Two branches of the Social Planning and Events Committee—SPEC Connaissance, which is in charge of bringing influential speakers to Penn, and SPEC–TRUM, which represents undergraduate minorities—worked together to bring Noah to campus. Over the course of an hour, Mr. Noah and political science professor Mark Pollack perched upright in plush blue armchairs, trading jokes and anecdotes and Trump impressions. After SPEC organizers Dayzia Terry (C ’19) and Natasha Allen (C ’19) introduced Mr. Noah, the audience—many of whom had been waiting for over 45 minutes to see Mr. Noah speak, propping open their laptops in the wood auditorium seats—clapped in a frenzy. Mr. Noah smoothed his knees and shuffled his bleach–white sneakers. “It’s good to be here,” he said. The audience appeared to feel the same way.

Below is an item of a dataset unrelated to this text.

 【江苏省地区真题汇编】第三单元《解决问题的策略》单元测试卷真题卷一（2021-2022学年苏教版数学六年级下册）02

Even the audience members who didn’t have an opportunity to ask Mr. Noah a question served as active participants in the discussion; they hooted and snapped, cheered and welped. “The black woman is oppressed more than anyone else in the world,” Mr. Noah said, after Professor Pollack asked a series of questions about the focus on Trevor’s mother in his 2016 autobiography Born a Crime. The audience sputtered with snapping fingers. “I am a product of a despicable time,” he said about growing up in apartheid South Africa. When he stated that apartheid and American systemic racism are “cut from the same cloth,” several members of the audience whooped. Later he spoke about how African–Americans use “code–switching” to fit into predominantly white spaces, and members of the audience shouted back to him: “YES!” someone called from the front rows. “Preach it!” someone screamed. 

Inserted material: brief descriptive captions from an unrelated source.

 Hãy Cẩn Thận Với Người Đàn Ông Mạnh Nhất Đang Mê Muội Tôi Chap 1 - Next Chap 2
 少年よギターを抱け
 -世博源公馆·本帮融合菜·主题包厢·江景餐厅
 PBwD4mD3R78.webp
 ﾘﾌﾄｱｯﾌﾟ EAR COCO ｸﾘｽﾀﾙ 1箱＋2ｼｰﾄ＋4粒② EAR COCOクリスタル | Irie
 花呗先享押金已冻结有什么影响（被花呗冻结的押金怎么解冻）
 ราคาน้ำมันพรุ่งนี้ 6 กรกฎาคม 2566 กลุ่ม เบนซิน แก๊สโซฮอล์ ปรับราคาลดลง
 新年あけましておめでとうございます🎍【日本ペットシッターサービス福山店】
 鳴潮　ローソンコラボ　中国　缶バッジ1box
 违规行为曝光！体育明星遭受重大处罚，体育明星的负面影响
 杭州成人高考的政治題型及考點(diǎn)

Much of Mr. Noah’s remarks centered on his mother and the role she played in shaping him. “I didn’t realize how much I loved her until I wrote the book,” he said. “She gave me an adult understanding of a world that I wasn’t privy to.” His relationship with his mother has shaped the way he views American politics; he said he sees a link between how Hillary Clinton’s campaign was perceived and how his mother has been treated throughout her life. “We don’t apply the same judgement and logic to a woman that we do to a man,” he said, to a cascade of cheers from the audience. “She doesn't get treated like any other politician,” he said about Secretary Clinton. “We live in a world where people feel threatened when a woman considers herself equal to a man.” 

Professor Pollack tried to steer the conversation towards a more Penn–focused angle, explaining to Mr. Noah that juniors and seniors in the audience might feel anxious about their future. “Oh, there is no future,” Mr. Noah joked. “Have fun. We’re done.” 

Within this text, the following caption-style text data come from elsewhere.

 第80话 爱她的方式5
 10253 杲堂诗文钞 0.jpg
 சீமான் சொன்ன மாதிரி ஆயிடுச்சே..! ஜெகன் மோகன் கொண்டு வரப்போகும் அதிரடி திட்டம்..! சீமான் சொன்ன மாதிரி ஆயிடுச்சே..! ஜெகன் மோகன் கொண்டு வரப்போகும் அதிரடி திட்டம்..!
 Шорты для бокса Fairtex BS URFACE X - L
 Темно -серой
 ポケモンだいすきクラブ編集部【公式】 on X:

“I’m probably the least inspirational person you’ll ever meet,” he said. “Because I really believe in the force of luck….I spent less time trying to find my path than trying to excel at the path I was on.” 

“So, no master plan to end up on The Daily Show?” Professor Pollack asked.

Mr. Noah shook his head, scooched forward in his seat. “My master plan has always been: be like water. It flows, it commands, it follows the path of least resistance.” 

“If I had a master plan,” he said, “I wouldn’t be on The Daily Show.”